A melhor surpresa de todas, porém, é o quão bom este filme é. Muito atrasado, sobretudo devido a uma troca na cadeira do realizador (saiu Danny Boyle saiu pata entrar Cary Fukunaga), chega finalmente aos cinemas para nos lembrar do poder que o grande ecrã exerce sobre blockbusters bem urdidos. É também o Bond mais engraçado de sempre, com uma escrita vibrante (muito possivelmente devido às contribuições de Phoebe Waller-Bridge), concretizada com desenvoltura por Craig e companhia.
A reintrodução de James Bond na abertura do filme – que envolve a praça de uma cidade, o seu Aston Martin DB5 e metade de Spectre, enquanto Bond é puxado de um devaneio romântico com Madeleine Swann (Léa Seydoux) – é uma cena icónica que limpa as teias de aranha do franchise em dez minutos esmagadores. De elegante e enamorado, Craig rapidamente está de volta à forma como o conhecemos e amamos: ferido e maltratado, a ceder ao canto da sereia do dever, enquanto a CIA e o MI6 lutam por uma nano-arma perdida.
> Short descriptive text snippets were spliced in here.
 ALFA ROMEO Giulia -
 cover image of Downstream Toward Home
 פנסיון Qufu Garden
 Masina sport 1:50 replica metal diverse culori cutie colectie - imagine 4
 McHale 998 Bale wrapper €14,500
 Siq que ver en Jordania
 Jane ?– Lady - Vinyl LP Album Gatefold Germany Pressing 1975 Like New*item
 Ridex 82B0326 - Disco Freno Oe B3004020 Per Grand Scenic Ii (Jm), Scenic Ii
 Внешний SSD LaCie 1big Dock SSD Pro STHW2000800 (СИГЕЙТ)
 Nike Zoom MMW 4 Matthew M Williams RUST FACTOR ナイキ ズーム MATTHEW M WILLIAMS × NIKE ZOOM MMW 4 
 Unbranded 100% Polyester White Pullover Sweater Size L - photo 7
Fukunaga e o seu director de arte, Linus Sandgren (La La Land), encontram notas de elegância visual em todo o lado. Uma sequência numa quinta de Havana pode ser a coisa menos convencional de se ver num franchise que, não nos esqueçamos, já nos deu um submarino-crocodilo e Christopher Walken. Lá, Bond e Ana de Armas deambulam pelo que parece ser um sonho de David Lynch repleto de queijo, à procura de um cientista com acesso àquele MacGuffin todo-ameaçador da humanidade.
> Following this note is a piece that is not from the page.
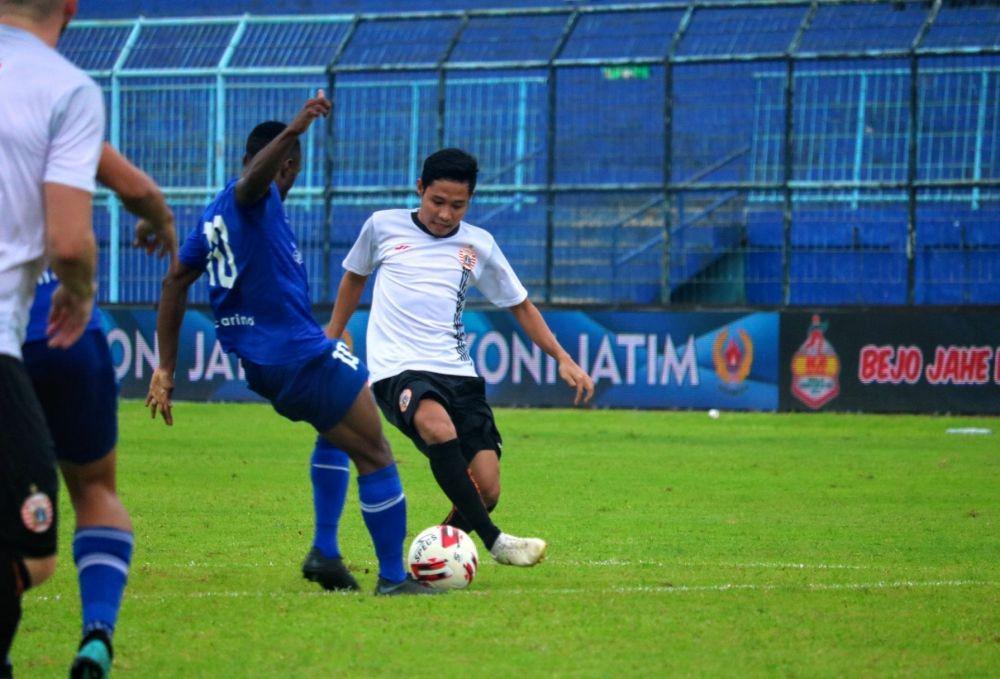 Sabah FA Tersingkir, Kurniawan Dwi: Kami Memang Tidak Mengincar Juara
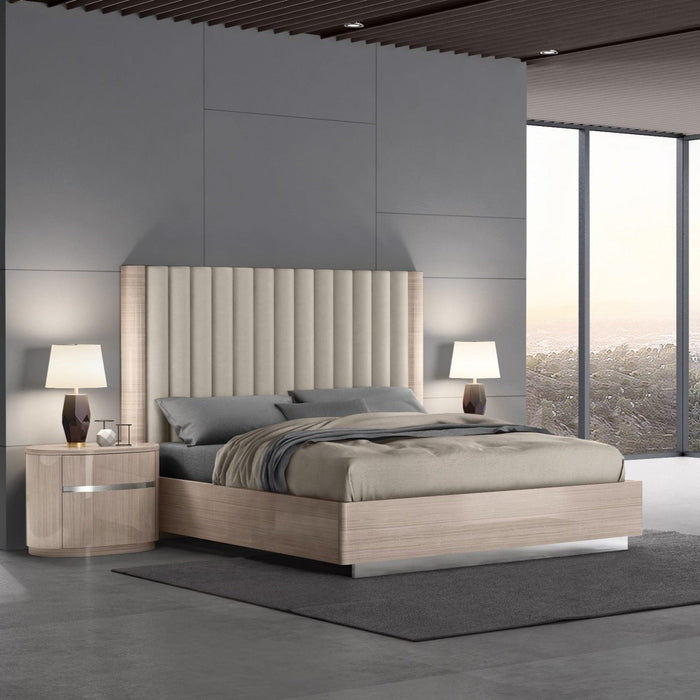 Whiteline Mods -  Waves Bed King BK1753 - PrimeFair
A reforçar o elenco de personagens femininas está Nomi, a agente 00 de Lashana Lynch, que partilha uma boa anti-química com Bond, no que parece um passo significativo para as duas personagens.
E o vilão? O Safin de Rami Malek puxa os seus cordelinhos quase sempre fora de cena, mas lá consegue o seu momento num terceiro acto que vai emocionar qualquer um que anseie pelos cenários massivos da era de Ken Adam e os sonhos megalómanos de Dr No.
Se uma duração de quase três horas faz soar alarmes, este Bond é um banquete surpreendentemente light. Ele voa de um local habilmente escolhido para outro (é favor adicionar Matera, no Sul da Itália, à sua bucket list), mas as cenas mais lentas e de desenvolvimento de personagens – o calcanhar de Aquiles de alguns dos Bonds mais recentes – vêem-se muito bem também.
Só a Moneypenny de Naomie Harris é que parece errada. Depois de uma introdução dinâmica como agente de campo em Skyfall, o franchise parece não saber o que fazer com ela, com a Nomi de Lynch a ocupar a lacuna que Harris poderia ter preenchido. Até mesmo o meme residente do MI6, Tanner (Rory Kinnear), parece ter tido mais com que trabalhar.
Outros resmungos centram-se numa batalha climática que permanece mais do que devia, e uma ou duas cenas de violência desnecessariamente chocantes. Mas por quaisquer métricas usadas para medir um filme de James Bond – trama rígida, vilões nojentos, sinceridade emocional – a apresentação final de Daniel Craig é um sucesso estrondoso. #CraigNotBond parece uma realidade muito distante, em todos os sentidos.